Re: [PATCH v4 3/9] mm: pagewalk: Don't split transhuge pmds when a pmd_entry is present

From: Thomas Hellstrom
Date: Wed Oct 09 2019 - 14:52:41 EST


Hi,

On 10/9/19 7:17 PM, Linus Torvalds wrote:
> On Wed, Oct 9, 2019 at 10:03 AM Thomas Hellström (VMware)
> <thomas_os@xxxxxxxxxxxx> wrote:
>> Nope, it handles the hugepages by ignoring them, since they should be
>> read-only, but if pmd_entry() was called with something else than a
>> hugepage, then it requests the fallback, but never a split.
> But PAGE_WALK_FALLBACK _is_ a split.
>
> Oh, except you did this
>
> - split_huge_pmd(walk->vma, pmd, addr);
> + if (!ops->pmd_entry)
> + split_huge_pmd(walk->vma, pmd, addr);
>
>
> so it avoids the split.
>
> No, that's unacceptable. And makes no sense anyway. If it doesn't
> split the pmd, then it shouldn't walk the pte's - because they don't
> exist. And if it's not a hugepmd, then the split is a no-op, so the
> test makes no sense.
>
> I hadn't noticed that part of the patch. That simply can't be right. I
> don't think you've tested this, because you never actually have
> hugepages, do you?
>
> You didn't notice or realize that split_huge_pmd() just does that
>
> if (is_swap_pmd(*____pmd) || pmd_trans_huge(*____pmd) \
> || pmd_devmap(*____pmd)) \
>
> thing and doesn't do anythign at all if it's not huge.
>
> So no.

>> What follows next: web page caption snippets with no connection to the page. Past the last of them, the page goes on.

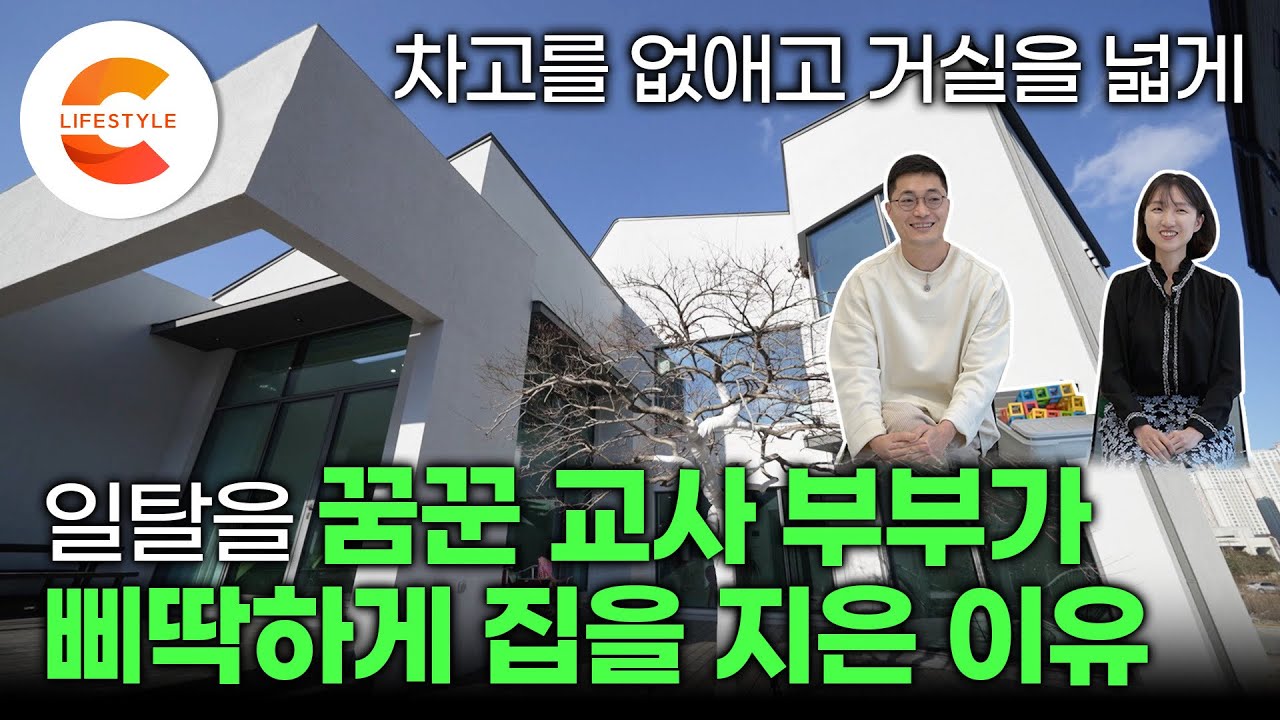 교사 부부의 일탈은 집짓기? 좁은 원룸 자취방에서 꿈만 꾸던 그 집이 현실이 됐습니다🏠 반듯하고 네모난 주택들 사이 사선으로 집을 지은 이유ㅣ주택 인테리어ㅣ#건축탐구집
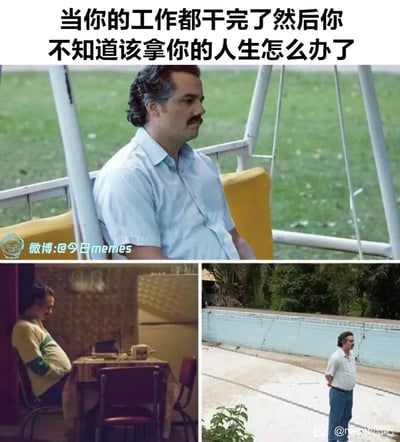 这是一张多图拼接的梗图，上方配有文字“当你的工作都干完了然后你不知道该拿你的人生怎么办了”，下方两张图与上方图的人物均为美剧《毒枭》中的巴勃罗·埃斯科巴，画面分别呈现他坐在秋千上神情落寞、坐在餐桌旁失神发呆、背着手在空地上独自踱步的状态，通过这些孤独、无所事事的画面，精准刻画出当代职场人在忙碌工作结束后，瞬间失去目标，陷入迷茫、空虚的精神状态，引发共鸣。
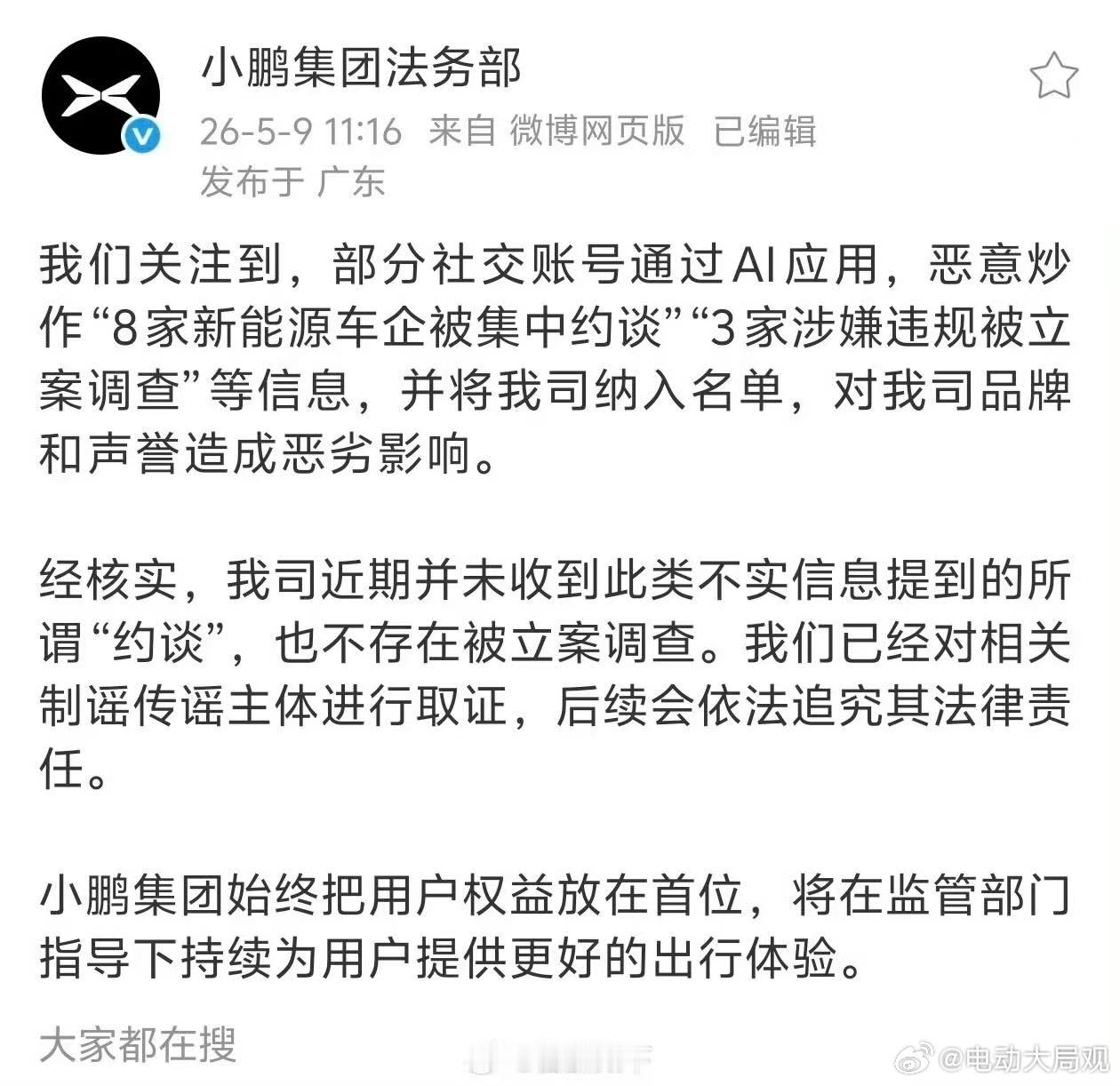 8家车企被约谈  车企已经辟谣大家谨慎吃瓜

That code makes no sense at all, and I didn't realize how
> senseless it was, becasue I stupidly missed that "make the split
> conditional" - which is insane and wrong - and I thought that you
> wanted PAGE_WALK_FALLBACK to split a pmd and fall back to per-pte
> entries, which is what the name implies.
>
> But that's not what you wanted at all.
>
> Just get rid of PAGE_WALK_FALLBACK entirely then, and make the rule be
> that a zero return value just means "split and do ptes". Which is what
> you want (see above why "split" simply is wrong, and isn't an issue
> for you anyway.
>
> That won't change any existing cases, since even if they do have a
> zero return value, they don't have a pte_entry() callback, so they
> won't do that "split and do ptes" anyway.
>
> Linus
>
Hmm, so we have the following cases we need to handle when returning
from the pmd_entry() handler.

1) Huge pmd was handled - Returns 0 and continues.
2) A pmd is otherwise unstable, typically someone just zapped a huge
pmd. Returns PAGE_WALK_FALLBACK, gets caught in the pmd_trans_unstable()
test and retries.
3) A pte directory - Returns PAGE_WALK_FALLBACK, falls through, avoids
the split and continues to the next level. Yeah that split avoidance
test is indeed made unnecessary by the preceding pmd_trans_unstable() test.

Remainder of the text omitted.